The legal basis for TED as the mandatory publication channel derives from the EU procurement directives — principally Directive 2014/24/EU (public sector), Directive 2014/25/EU (utilities), and Directive 2014/23/EU (concessions). These directives require contracting authorities to publish contract notices, prior information notices, and contract award notices in the OJEU Supplement, which is the formal name for what practitioners call TED. Without TED publication, an above-threshold award is legally vulnerable to challenge throughout its execution.
The scale of TED is remarkable. As of 2026, the database holds over 26 million procurement notices dating back to 1993, with full structural coverage from 1998. Each working day, between 2,000 and 3,500 new notices are published covering the entire EU public market — estimated at over €2 trillion in annual contract value. This makes TED not just an EU tender database but the largest freely accessible public procurement database anywhere in the world.
TED covers every notice type in the procurement lifecycle: Prior Information Notices (PINs) signalling upcoming procurements, Contract Notices (CNs) with formal tender invitations, Contract Award Notices (CANs) recording who won and at what price, Corrigenda amending existing notices, and Qualification System Notices used in the utilities sector. This comprehensive lifecycle coverage makes TED simultaneously an opportunity tool, a pipeline planning resource, and a competitive intelligence database.
The database underwent its most significant modernisation in October 2023 with the mandatory introduction of eForms — a richer structured data standard mandated by Implementing Regulation (EU) 2019/1780. eForms notices contain over 40 new fields compared to previous formats, including sustainability criteria, accessibility requirements, subcontracting data, and more granular award information. For data users, this means post-October 2023 notices are significantly more information-rich than historical notices.

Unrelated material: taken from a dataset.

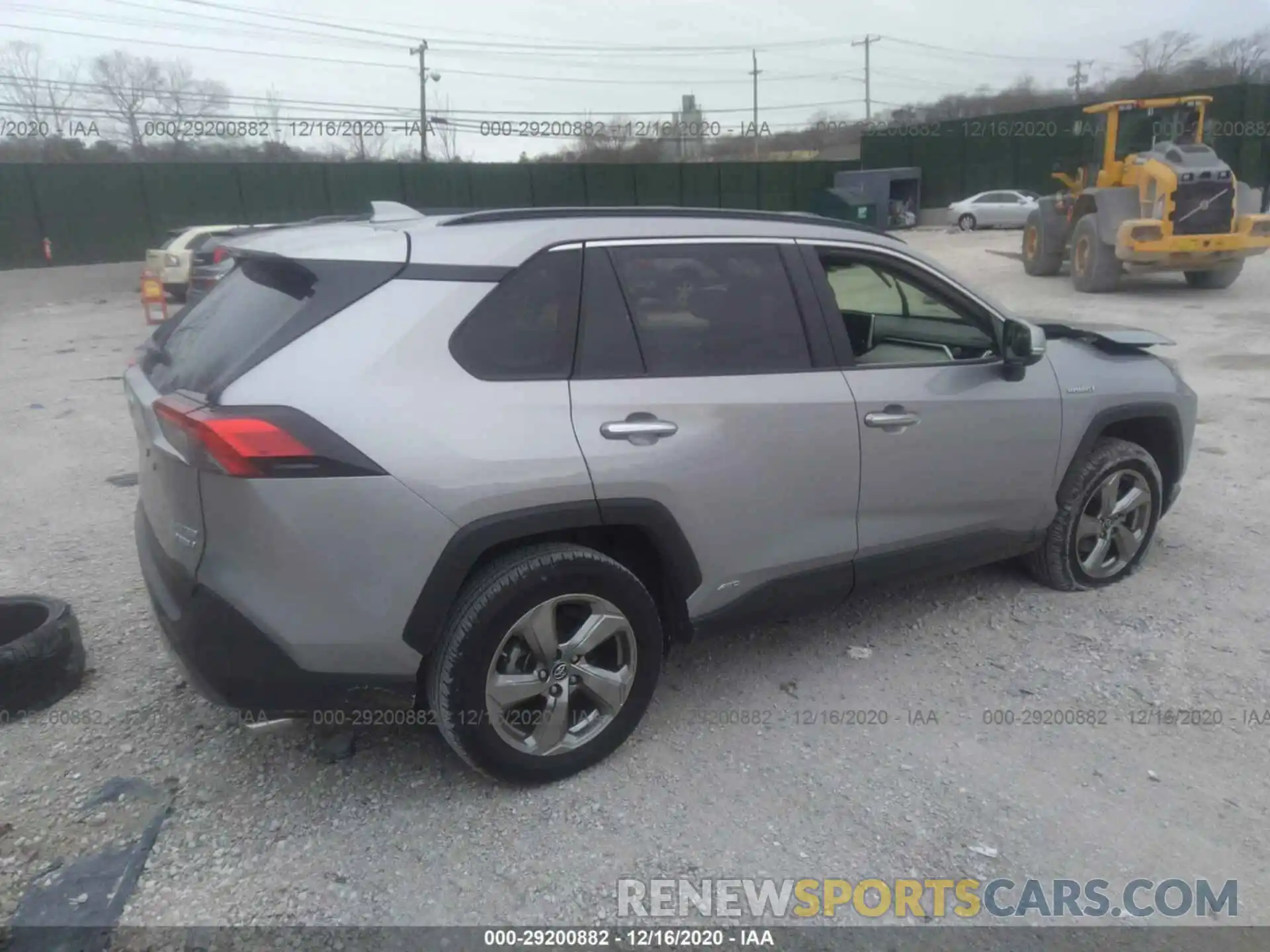 4 Photograph of a damaged car JTMDWRFV9KD030939 TOYOTA RAV4 2019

Understanding TED's architecture matters for anyone building a serious EU procurement monitoring capability. The database is not a simple flat-file listing — it is a structured multilingual database with a defined taxonomy of notice types, CPV (Common Procurement Vocabulary) code classification, and buyer type categorisation. Effective use of TED, whether directly or through aggregation platforms, depends on understanding these structures.

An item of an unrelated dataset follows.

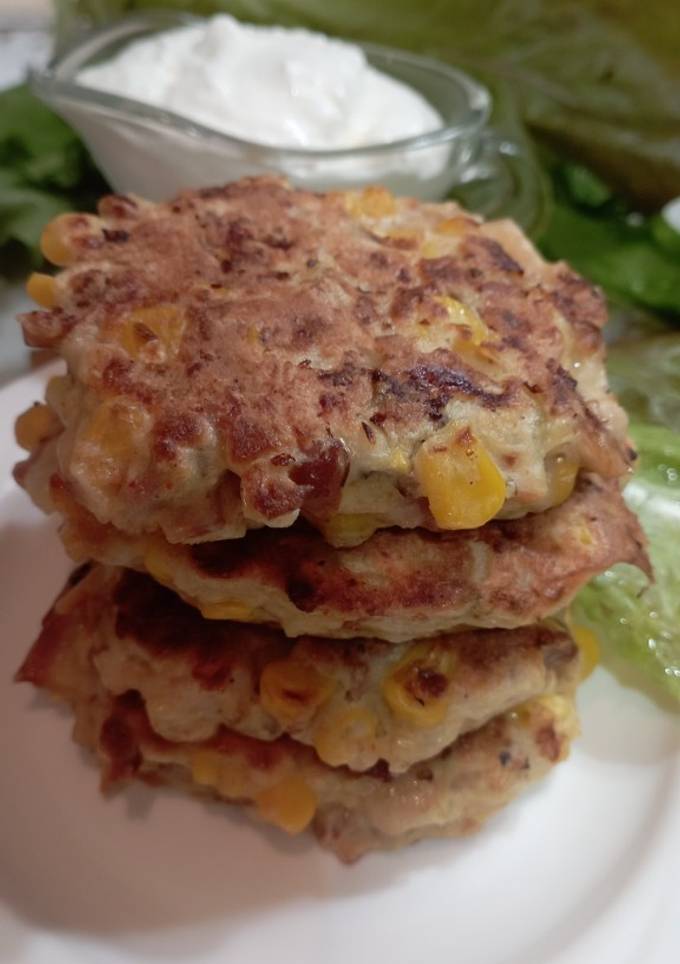 Оладки з кукурудзи і копченої курки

What Data Is Available in TED and How to Access It
The TED database contains structured procurement data across several dimensions. Understanding what fields are available — and how their availability varies between older and newer notices — is essential for both opportunity monitoring and data analysis work.
Core notice data fields available across the TED database include: notice type and publication date, contracting authority name, country, and buyer type classification, contract title and description text, CPV codes (main and supplementary), contract value (estimated and awarded), currency, procedure type (open, restricted, negotiated, competitive dialogue, etc.), deadline for receipt of tenders, contract duration and start/end dates, lot structure and per-lot data, and language of the tender documents.
Award-specific data in Contract Award Notices includes: winning supplier name, country, and registration number (where provided), awarded contract value, number of tenders received, number of tenderers excluded, and — in eForms notices — individual lot award results where a single notice covers multiple lots. This award data is what makes TED a competitive intelligence resource as well as an opportunity database.
eForms-specific fields (mandatory from October 2023) add: green procurement indicators and specific environmental criteria applied, SME flag on the winning supplier, innovation procurement markers, accessibility requirements under the European Accessibility Act, strategic procurement type (socially responsible, innovative, environmental), and subcontracting amount and percentage. These fields are invaluable for sector analysis and for identifying procurement authorities with progressive award criteria.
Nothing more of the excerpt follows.